From the records, return each line that has the word "Guide" in it.
Listed entries: Begin
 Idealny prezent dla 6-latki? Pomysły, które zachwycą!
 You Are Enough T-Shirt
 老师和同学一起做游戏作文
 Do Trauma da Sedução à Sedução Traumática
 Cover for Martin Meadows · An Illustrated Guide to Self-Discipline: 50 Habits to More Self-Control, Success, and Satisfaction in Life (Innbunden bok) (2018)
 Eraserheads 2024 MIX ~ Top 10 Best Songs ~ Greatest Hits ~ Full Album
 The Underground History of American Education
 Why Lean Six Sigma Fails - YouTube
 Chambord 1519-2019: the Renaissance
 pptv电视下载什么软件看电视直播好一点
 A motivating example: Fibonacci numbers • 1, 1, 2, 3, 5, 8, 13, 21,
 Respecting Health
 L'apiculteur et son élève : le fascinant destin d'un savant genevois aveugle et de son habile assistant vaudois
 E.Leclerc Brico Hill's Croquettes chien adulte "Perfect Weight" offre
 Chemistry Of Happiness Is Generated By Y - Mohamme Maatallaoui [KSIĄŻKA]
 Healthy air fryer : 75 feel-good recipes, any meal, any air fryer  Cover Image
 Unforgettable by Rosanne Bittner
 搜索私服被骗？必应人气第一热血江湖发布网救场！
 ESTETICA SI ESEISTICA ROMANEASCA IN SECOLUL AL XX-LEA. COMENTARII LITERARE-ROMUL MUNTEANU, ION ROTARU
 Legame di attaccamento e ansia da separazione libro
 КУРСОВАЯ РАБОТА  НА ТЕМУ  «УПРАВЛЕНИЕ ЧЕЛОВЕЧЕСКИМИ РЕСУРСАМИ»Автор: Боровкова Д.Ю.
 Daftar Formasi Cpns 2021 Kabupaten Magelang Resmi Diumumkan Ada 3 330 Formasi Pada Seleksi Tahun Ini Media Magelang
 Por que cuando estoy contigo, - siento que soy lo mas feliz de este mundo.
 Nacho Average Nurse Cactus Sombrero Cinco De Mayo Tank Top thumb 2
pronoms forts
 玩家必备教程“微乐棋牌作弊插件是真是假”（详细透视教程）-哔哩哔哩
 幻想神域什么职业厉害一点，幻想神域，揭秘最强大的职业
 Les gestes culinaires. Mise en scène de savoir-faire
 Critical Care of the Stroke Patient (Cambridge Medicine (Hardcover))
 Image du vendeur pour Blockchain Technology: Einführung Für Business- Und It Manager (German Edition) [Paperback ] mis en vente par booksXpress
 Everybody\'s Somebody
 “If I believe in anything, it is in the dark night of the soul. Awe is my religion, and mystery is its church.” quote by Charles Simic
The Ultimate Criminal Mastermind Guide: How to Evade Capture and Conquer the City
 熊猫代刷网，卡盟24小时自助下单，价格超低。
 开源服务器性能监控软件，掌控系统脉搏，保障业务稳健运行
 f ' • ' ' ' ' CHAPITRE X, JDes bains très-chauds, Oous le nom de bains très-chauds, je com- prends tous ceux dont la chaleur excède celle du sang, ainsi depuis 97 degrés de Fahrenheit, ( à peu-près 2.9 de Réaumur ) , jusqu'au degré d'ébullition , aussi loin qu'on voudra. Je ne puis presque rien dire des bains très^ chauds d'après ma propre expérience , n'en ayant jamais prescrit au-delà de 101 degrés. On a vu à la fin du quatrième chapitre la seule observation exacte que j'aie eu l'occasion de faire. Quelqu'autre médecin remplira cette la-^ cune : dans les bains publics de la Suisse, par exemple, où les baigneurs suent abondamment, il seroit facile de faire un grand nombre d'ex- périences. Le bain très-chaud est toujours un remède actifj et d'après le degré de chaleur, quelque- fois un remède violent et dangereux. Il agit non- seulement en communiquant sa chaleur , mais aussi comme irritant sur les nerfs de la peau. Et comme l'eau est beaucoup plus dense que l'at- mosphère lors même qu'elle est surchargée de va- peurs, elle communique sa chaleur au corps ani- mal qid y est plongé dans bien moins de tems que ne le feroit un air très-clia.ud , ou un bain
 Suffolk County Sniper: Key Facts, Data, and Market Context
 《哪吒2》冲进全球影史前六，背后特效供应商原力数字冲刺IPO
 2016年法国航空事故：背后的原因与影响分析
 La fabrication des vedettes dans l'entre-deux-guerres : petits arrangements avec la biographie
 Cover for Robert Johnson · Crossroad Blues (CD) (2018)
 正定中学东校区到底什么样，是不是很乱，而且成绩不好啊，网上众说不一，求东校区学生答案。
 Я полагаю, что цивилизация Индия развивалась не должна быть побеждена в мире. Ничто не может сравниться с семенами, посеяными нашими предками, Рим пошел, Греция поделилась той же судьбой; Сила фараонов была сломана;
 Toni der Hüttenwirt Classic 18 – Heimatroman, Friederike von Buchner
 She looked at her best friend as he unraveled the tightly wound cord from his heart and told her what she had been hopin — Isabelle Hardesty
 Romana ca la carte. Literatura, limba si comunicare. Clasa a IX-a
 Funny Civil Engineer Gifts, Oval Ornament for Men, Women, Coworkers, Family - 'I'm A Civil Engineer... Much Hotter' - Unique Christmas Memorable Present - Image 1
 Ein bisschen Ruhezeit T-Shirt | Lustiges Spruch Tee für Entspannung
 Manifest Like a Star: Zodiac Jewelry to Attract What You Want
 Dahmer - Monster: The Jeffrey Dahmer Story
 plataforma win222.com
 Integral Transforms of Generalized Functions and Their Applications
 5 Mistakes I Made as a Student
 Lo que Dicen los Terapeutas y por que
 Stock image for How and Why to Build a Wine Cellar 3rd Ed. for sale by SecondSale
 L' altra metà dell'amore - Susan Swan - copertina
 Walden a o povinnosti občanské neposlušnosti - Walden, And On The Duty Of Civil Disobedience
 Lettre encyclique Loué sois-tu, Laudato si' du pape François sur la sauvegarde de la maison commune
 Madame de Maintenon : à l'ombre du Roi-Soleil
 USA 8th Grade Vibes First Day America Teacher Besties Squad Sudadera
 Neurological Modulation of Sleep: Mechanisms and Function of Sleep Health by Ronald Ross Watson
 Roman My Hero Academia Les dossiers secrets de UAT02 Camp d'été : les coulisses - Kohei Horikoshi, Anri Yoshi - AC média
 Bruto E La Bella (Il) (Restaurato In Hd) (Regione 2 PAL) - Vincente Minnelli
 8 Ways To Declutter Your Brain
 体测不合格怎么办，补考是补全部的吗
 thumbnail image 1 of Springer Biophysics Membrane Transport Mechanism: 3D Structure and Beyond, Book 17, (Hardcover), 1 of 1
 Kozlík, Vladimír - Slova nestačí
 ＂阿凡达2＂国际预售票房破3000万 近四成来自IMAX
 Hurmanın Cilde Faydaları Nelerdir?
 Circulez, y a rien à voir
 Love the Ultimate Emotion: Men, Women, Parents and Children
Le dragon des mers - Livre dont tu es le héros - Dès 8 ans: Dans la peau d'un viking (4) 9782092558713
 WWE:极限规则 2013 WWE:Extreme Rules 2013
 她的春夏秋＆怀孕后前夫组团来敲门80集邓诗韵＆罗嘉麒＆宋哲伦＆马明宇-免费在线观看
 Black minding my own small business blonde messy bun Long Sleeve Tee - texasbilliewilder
Listed entries: End
• **Result**:
 Cover for Martin Meadows · An Illustrated Guide to Self-Discipline: 50 Habits to More Self-Control, Success, and Satisfaction in Life (Innbunden bok) (2018)
The Ultimate Criminal Mastermind Guide: How to Evade Capture and Conquer the City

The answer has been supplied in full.